__Exercise goal__
Repeat the data word for word. Do not include the pictures.

__Input data__
== Segment start ==
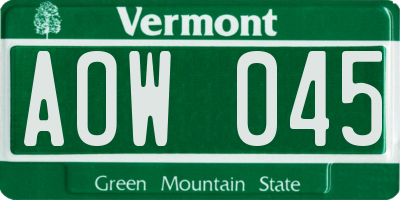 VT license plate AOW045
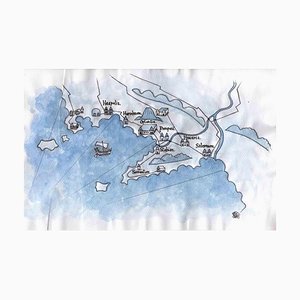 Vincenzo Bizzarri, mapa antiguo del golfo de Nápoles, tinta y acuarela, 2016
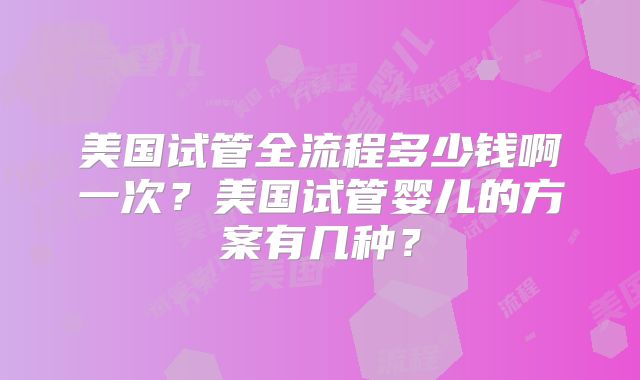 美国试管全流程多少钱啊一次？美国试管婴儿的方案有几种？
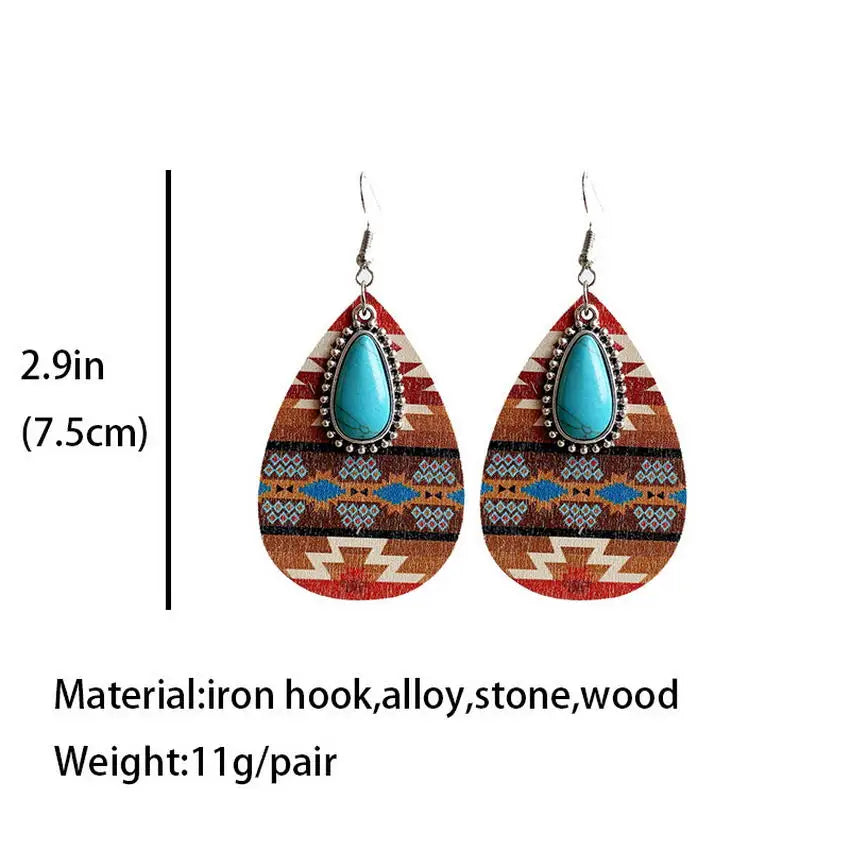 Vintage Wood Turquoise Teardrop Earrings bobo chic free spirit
== Segment end ==
__Reply to the task__
 VT license plate AOW045
 Vincenzo Bizzarri, mapa antiguo del golfo de Nápoles, tinta y acuarela, 2016
 美国试管全流程多少钱啊一次？美国试管婴儿的方案有几种？
 Vintage Wood Turquoise Teardrop Earrings bobo chic free spirit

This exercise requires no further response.